今回から交通トレンド分析の連載を担当する鳥海です。訪日需要が旺盛な中で交通がもたらす観光、宿泊への影響や問題点について論じていきたいと思います。
この数年のインバウンド需要の中で特に伸びているのがタイだ。2013年7月にビザが緩和され観光目的であればビザなしでの日本入国が可能となったことも増加傾向にあるが、この数年、日本とタイを結ぶLCC(格安航空会社)の便が急増したことも後押ししている。
取材を進めていると、ANAやJALなどは日本人・タイ人の両方が多く搭乗しているのに対し、LCCでは圧倒的にタイ人を含めてアジアからの利用者が多い。日本―タイでLCCとして最多便数を誇るエアアジアグループであるタイ・エアアジアXは、8~9割がタイからの訪日旅行客が占めている。
タイ・エアアジアXにおいては、インバウンドにおける送客効果は大きい。その理由が、日本国内のLCCではエアバスA320型機が中心で180席程度であるのに対し、タイ・エアアジアXは大型のエアバスA330型機を投入している。
座席数は377で通常のLCC便の2倍の人を運ぶ。それでいて、成田―バンコク線だけでも1日3往復しており、搭乗率も9割以上を確保している。

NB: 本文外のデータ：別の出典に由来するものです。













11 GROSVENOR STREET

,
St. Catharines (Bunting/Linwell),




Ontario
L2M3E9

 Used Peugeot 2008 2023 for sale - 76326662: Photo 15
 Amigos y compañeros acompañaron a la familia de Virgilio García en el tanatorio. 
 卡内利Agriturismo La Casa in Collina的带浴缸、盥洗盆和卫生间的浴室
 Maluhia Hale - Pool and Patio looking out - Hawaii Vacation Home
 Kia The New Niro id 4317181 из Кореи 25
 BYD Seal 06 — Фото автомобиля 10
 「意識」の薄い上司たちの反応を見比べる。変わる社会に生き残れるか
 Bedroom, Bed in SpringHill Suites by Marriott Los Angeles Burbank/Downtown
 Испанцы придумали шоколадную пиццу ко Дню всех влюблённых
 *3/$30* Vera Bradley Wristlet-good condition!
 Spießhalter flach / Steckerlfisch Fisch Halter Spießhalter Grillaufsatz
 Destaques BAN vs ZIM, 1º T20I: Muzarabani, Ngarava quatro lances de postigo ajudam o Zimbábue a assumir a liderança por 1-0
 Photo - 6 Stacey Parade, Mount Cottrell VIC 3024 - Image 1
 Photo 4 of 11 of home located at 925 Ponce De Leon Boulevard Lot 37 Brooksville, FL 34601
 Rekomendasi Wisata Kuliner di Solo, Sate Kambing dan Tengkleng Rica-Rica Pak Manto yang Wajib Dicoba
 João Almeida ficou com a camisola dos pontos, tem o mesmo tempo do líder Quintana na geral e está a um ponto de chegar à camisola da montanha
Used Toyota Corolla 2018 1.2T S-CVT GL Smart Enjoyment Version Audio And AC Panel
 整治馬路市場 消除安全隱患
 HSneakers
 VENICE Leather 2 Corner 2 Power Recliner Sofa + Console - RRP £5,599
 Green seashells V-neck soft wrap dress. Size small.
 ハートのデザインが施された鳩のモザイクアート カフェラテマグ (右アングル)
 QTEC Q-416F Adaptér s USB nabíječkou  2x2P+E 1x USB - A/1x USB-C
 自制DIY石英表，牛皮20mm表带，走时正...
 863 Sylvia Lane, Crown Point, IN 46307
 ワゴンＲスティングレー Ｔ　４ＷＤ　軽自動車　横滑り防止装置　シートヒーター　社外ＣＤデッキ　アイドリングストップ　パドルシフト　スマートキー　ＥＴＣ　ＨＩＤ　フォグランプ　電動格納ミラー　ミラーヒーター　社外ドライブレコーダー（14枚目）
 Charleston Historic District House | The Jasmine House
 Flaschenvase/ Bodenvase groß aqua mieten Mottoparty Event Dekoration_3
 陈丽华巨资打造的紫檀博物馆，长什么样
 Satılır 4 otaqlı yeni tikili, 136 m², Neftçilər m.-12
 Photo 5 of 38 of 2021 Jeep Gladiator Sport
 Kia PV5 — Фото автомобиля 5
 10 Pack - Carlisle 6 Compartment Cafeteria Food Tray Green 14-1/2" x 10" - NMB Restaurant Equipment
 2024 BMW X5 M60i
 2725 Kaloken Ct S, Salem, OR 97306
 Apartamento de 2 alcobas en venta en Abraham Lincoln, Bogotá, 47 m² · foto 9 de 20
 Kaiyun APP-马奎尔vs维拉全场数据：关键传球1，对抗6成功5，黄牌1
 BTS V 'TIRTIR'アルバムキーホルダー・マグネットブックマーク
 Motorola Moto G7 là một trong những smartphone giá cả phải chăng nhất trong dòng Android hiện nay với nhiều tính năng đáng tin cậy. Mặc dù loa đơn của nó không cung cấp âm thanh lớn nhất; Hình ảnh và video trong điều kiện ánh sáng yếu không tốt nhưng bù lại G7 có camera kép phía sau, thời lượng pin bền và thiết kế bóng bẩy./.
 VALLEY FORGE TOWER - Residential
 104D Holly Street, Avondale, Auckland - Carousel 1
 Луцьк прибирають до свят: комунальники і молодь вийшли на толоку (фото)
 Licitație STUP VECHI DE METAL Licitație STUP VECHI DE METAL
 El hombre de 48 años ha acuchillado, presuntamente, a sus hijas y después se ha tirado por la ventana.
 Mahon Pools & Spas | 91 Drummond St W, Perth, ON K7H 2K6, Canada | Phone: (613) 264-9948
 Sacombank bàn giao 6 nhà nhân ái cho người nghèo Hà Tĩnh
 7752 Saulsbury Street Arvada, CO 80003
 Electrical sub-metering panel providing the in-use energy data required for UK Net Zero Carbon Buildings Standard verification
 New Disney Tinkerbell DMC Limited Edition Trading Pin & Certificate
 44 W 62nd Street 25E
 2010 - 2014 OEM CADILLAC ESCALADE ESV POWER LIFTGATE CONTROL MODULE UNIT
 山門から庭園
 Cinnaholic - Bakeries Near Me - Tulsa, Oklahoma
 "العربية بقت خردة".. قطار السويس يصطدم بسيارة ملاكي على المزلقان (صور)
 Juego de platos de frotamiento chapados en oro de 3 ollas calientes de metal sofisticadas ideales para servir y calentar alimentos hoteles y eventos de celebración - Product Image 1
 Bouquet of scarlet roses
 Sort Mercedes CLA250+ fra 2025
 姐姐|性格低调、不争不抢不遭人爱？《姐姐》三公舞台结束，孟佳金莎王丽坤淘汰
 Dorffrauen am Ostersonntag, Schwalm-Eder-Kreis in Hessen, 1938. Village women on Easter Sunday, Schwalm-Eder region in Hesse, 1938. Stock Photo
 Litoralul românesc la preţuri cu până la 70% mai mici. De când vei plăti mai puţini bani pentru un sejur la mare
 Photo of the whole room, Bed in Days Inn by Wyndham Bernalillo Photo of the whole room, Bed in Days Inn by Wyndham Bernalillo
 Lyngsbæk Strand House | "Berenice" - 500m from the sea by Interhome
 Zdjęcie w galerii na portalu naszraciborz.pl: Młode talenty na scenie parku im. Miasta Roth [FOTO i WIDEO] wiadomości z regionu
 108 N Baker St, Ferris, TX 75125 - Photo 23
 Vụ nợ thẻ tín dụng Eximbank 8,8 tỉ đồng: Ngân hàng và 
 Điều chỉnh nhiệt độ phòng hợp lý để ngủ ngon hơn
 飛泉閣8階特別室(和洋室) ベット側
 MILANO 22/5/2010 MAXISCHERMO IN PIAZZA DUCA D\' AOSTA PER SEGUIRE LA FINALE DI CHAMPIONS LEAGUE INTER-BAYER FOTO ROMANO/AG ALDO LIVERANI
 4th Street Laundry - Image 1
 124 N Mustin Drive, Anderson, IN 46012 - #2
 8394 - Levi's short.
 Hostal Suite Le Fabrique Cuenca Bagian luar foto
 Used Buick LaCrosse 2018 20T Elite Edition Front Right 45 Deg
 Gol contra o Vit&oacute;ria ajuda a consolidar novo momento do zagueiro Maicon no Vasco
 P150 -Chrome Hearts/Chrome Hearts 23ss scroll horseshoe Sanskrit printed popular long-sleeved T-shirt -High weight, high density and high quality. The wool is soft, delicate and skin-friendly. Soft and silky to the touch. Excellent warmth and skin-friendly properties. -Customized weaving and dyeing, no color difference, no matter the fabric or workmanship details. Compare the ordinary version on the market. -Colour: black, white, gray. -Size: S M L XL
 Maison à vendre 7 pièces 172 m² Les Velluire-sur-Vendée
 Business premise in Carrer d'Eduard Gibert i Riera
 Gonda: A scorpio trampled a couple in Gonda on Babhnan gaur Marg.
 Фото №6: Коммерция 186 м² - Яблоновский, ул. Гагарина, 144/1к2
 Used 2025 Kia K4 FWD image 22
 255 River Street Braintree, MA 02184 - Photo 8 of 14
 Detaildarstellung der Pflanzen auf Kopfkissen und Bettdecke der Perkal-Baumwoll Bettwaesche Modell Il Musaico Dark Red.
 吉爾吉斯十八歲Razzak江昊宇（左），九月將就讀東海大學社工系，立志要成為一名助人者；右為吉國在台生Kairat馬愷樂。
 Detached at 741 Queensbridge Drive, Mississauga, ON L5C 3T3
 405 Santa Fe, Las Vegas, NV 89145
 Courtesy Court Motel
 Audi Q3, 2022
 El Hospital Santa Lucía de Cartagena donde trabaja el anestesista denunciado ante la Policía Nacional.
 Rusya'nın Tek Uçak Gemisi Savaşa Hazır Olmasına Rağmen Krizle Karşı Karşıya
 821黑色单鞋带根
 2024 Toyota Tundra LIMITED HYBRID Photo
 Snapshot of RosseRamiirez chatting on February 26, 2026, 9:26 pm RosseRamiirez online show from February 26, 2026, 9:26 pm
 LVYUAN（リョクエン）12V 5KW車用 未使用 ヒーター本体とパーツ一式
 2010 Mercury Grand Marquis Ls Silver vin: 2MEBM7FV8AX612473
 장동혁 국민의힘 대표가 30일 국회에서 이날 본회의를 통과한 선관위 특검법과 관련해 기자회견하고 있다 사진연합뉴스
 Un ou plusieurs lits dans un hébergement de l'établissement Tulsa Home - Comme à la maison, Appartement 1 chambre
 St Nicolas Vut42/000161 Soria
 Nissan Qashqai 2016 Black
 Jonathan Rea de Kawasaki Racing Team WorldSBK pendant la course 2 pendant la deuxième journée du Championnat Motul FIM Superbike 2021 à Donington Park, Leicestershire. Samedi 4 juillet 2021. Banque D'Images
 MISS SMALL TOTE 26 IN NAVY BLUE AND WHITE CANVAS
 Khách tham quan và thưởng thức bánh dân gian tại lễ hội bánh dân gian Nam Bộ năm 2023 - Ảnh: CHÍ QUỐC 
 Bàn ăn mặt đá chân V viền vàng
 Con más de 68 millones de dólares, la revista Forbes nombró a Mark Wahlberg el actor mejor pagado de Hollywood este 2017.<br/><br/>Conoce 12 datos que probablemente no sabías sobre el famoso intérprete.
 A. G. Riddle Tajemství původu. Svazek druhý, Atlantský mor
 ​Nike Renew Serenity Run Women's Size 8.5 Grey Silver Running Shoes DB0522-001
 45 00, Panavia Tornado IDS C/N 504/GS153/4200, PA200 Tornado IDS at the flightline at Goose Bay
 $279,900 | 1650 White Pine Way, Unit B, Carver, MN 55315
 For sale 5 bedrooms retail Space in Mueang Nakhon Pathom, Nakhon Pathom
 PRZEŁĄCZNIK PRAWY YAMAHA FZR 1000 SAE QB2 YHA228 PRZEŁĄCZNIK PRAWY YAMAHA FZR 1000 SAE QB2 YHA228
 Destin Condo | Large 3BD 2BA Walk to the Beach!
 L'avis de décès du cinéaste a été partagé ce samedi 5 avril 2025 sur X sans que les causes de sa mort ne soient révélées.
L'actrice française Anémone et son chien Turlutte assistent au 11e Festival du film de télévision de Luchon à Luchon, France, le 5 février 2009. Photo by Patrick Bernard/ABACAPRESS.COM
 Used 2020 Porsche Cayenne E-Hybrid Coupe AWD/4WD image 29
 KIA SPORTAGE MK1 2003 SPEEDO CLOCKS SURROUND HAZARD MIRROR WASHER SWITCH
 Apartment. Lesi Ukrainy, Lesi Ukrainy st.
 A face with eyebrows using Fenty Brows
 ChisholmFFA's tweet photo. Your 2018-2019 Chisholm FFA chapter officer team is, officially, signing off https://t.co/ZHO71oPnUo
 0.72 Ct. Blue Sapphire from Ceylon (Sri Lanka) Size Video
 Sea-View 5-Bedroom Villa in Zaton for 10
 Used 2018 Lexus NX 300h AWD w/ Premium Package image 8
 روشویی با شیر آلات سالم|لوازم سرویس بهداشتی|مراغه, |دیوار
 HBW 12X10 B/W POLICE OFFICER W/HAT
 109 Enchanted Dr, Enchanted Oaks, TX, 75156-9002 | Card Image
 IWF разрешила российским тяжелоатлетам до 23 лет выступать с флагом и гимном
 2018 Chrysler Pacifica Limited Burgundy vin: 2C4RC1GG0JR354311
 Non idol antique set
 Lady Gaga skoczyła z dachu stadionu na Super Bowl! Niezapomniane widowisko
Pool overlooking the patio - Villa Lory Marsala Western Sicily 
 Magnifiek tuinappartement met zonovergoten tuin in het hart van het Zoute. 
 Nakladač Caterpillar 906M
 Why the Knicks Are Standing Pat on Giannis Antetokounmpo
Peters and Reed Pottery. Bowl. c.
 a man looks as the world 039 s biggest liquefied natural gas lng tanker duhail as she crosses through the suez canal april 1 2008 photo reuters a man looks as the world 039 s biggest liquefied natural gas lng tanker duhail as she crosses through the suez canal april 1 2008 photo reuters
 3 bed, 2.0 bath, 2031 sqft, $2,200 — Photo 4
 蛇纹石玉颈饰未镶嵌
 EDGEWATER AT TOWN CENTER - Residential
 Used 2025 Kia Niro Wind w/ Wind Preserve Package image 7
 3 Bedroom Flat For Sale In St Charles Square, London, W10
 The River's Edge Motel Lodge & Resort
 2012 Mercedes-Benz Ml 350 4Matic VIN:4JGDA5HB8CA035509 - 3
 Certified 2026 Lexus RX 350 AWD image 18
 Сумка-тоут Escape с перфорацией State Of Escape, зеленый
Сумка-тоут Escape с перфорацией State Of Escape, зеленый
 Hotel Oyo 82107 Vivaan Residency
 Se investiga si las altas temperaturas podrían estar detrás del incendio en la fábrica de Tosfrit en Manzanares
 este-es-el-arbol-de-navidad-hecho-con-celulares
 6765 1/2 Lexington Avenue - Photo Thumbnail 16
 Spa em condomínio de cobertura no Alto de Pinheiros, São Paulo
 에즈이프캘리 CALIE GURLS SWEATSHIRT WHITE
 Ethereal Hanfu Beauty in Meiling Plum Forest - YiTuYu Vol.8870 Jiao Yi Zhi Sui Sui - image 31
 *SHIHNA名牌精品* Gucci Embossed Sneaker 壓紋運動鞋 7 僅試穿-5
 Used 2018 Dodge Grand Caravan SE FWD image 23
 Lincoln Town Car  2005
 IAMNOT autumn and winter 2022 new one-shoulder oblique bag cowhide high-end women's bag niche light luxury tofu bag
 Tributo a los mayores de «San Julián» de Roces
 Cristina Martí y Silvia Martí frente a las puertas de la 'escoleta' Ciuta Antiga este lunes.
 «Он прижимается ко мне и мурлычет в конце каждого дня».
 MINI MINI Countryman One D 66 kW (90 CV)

加えて関西からも2往復、さらに中部や新千歳にも就航しているほか、今年7月からは福岡にも就航する。
タイ・エアアジアXだけでもかなりのLCCネットワークがあるが、加えて、シンガポール航空グループのスクート(スクート、ノックスクート)も成田や関西からのバンコク線を積極的に増やしているほか、日本人には聞き慣れないタイ・ライオンエアも成田、関西、中部、福岡に就航している。
どの会社も中型機や大型機を投入している。また2020年春にはJALが設立したLCCのZIPAIRもボーイング787型機を使って成田―バンコク線に就航することが発表されている。LCC便の場合はセール販売時には片道1万円程度で購入できることも追い風となっており、タイから訪れるリピーター客が増えていることも大きい。
これだけLCCが多くの路線を持っていてもフルサービスキャリアのANA、JAL、タイ国際航空も負けていない。ANAは羽田、成田合わせてバンコク便を1日5往復、JALは3往復、タイ国際航空も5往復を運航しており、3社ともに搭乗率も好調である。ビジネス渡航者やサービスを求める旅行者はフルサービスキャリア、安さを求める観光客はLCCを積極的に利用するなど、セグメントがしっかり分けられており、まだまだ今後も伸びが期待できそうだ。